TASK STATEMENT:
Each record below should be output verbatim, without pictures.

RECORD SET:

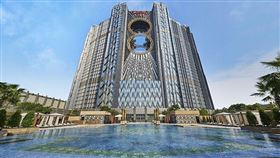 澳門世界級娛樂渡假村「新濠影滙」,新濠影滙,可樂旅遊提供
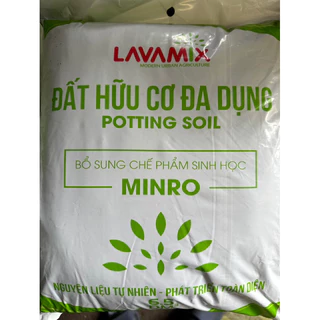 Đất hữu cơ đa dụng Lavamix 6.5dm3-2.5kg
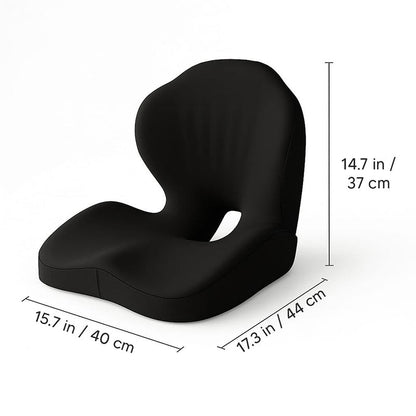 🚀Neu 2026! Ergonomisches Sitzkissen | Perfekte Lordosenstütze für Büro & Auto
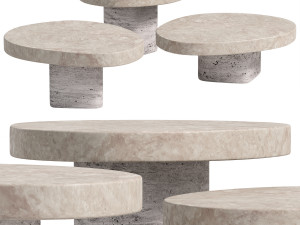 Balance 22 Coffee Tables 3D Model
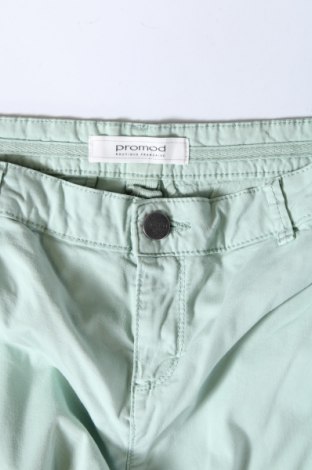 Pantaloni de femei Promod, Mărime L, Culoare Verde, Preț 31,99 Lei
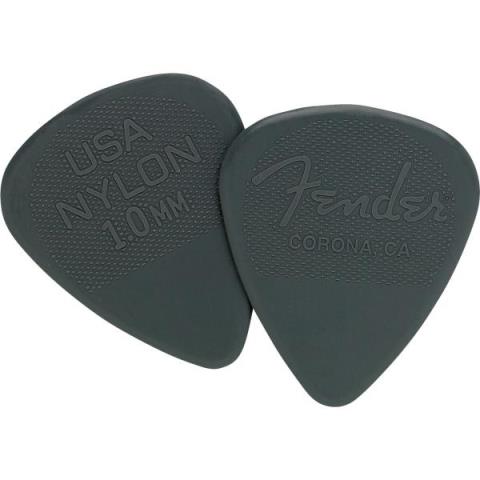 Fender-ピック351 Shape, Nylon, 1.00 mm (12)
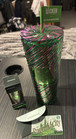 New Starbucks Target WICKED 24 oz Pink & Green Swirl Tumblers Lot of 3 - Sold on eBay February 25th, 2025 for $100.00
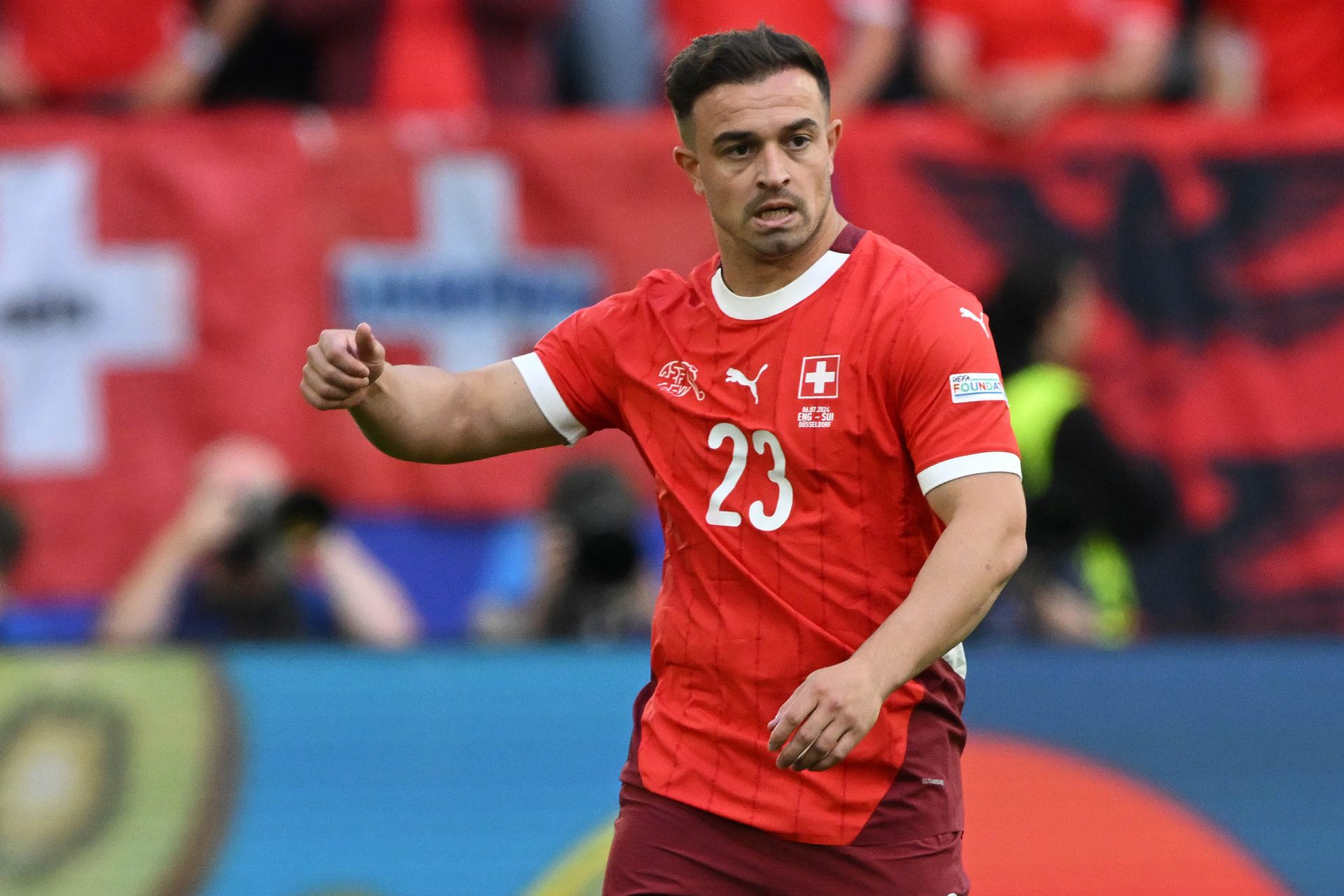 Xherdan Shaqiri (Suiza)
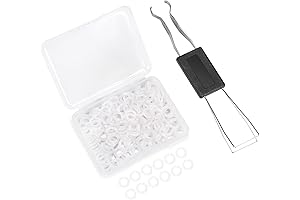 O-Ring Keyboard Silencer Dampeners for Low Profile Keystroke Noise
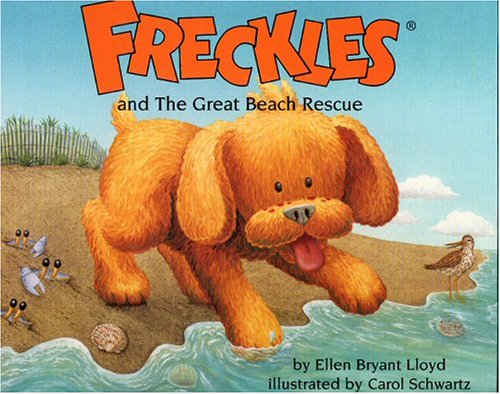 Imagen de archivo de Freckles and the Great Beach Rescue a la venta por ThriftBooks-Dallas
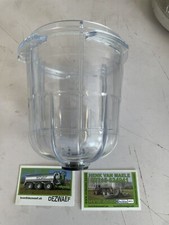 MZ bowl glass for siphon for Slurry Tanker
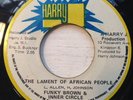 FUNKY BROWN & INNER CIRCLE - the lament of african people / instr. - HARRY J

FINAL ANSWER:
 澳門世界級娛樂渡假村「新濠影滙」,新濠影滙,可樂旅遊提供
 Đất hữu cơ đa dụng Lavamix 6.5dm3-2.5kg
 🚀Neu 2026! Ergonomisches Sitzkissen | Perfekte Lordosenstütze für Büro & Auto
 Balance 22 Coffee Tables 3D Model
 Pantaloni de femei Promod, Mărime L, Culoare Verde, Preț 31,99 Lei
 Fender-ピック351 Shape, Nylon, 1.00 mm (12)
 New Starbucks Target WICKED 24 oz Pink & Green Swirl Tumblers Lot of 3 - Sold on eBay February 25th, 2025 for $100.00
 Xherdan Shaqiri (Suiza)
 O-Ring Keyboard Silencer Dampeners for Low Profile Keystroke Noise
 Imagen de archivo de Freckles and the Great Beach Rescue a la venta por ThriftBooks-Dallas
 MZ bowl glass for siphon for Slurry Tanker
 FUNKY BROWN & INNER CIRCLE - the lament of african people / instr. - HARRY J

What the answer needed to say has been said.